Semantic Layer is about decomposing views into dimensions and aggregates, then letting downstream apps/users compose their own views on top without having to redefine/re-calculate business level metrics.
This makes data analyis more flexible than sql views which are hardcoded on particular groupings.
create view active_cx as select * from customer join audit_events using(...) join ... where -- active condition
-- use active_cx wherever
select ... from orders join active_cx using(...) where ts > start_of_month() group by active_cx.id
Semantic Layer needs proper language and tooling support which Malloy provides.
I curate some more on here in case of interest: https://www.ssp.sh/brain/data-modeling-languages.
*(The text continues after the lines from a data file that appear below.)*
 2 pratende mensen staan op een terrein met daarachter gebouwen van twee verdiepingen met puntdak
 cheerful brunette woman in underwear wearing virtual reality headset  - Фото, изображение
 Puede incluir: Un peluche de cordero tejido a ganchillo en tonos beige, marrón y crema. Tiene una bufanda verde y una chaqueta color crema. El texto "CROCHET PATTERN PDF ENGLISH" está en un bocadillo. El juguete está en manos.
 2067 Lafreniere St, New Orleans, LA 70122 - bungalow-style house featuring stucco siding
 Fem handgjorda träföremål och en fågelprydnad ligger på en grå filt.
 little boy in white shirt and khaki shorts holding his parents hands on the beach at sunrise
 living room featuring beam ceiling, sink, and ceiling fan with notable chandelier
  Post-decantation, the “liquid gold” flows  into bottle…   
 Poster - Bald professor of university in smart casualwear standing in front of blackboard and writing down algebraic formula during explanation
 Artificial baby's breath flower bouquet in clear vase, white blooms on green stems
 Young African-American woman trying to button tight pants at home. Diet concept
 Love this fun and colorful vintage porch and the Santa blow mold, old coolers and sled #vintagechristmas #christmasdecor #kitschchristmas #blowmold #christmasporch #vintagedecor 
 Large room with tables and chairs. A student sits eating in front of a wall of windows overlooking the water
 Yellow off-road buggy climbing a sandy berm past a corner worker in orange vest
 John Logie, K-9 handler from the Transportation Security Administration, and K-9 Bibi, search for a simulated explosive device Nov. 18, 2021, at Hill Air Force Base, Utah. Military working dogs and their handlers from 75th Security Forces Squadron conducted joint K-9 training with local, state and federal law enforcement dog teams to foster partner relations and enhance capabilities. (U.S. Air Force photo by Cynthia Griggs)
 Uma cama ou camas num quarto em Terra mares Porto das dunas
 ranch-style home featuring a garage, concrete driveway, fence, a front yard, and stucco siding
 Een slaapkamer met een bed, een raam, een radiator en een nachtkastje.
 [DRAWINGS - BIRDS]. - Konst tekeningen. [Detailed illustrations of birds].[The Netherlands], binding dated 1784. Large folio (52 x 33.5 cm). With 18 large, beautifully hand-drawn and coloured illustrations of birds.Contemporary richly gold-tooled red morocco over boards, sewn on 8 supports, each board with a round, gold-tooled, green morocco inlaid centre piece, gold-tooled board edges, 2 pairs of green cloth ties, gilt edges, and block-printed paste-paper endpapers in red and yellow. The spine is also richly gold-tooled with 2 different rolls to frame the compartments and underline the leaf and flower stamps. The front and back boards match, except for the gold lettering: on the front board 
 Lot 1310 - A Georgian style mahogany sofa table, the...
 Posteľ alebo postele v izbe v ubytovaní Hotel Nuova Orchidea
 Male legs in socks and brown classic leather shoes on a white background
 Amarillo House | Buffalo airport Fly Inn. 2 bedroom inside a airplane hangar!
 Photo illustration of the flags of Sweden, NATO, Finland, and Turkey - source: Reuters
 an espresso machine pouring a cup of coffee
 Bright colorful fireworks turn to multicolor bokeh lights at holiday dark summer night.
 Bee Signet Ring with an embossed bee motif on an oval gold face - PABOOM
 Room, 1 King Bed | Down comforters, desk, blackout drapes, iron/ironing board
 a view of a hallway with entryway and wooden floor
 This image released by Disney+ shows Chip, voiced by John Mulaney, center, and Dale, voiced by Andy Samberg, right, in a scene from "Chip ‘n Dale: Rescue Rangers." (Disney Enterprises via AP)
Shameless plug for the list, though - I work on https://github.com/trilogy-data/pytrilogy - semantic layer directly embedded in otherwise (mostly) SQL syntax.
I'll do an equivalent example on the taxi dataset when I have some time.
As one of the consumers of a "semantic layer" for many years now, I am firmly convinced that a "single source of truth" must either be useless or a lie.
Ok, the DBA has produced some joins that I can count up to decide how many "customers" we have. We immediately have the issue that a "customer count" from the semantic layer cannot always be the meaningful or relevant figure. In my experience, outside of the exllicit context it was written it, it cannot be the correct figure. So, I have my single source of truth customer count, but my revenue per customer needs to to use a different count that's slightly off. Another analyst needs to produce customer calls to our call center and that uses a slightly different definition. And so on, until the semantic layer is just a special database for pre-defined executive KPI dashboards and no more.
This is a good write up that doesn’t require DuckDB as it isn’t specific to a particular database.
Feature stores explored here: https://www.xorq.dev/blog/featurestore-to-featurehouse
I think my key takeaway building this is that we need better expression systems and Ibis is a great foundation to build yours..maybe you want to build a language for some other domain etc.
PS: I am one of the authors of bsl and co-founder of Xorq.
I am one of the authors of bsl and founder of xorq.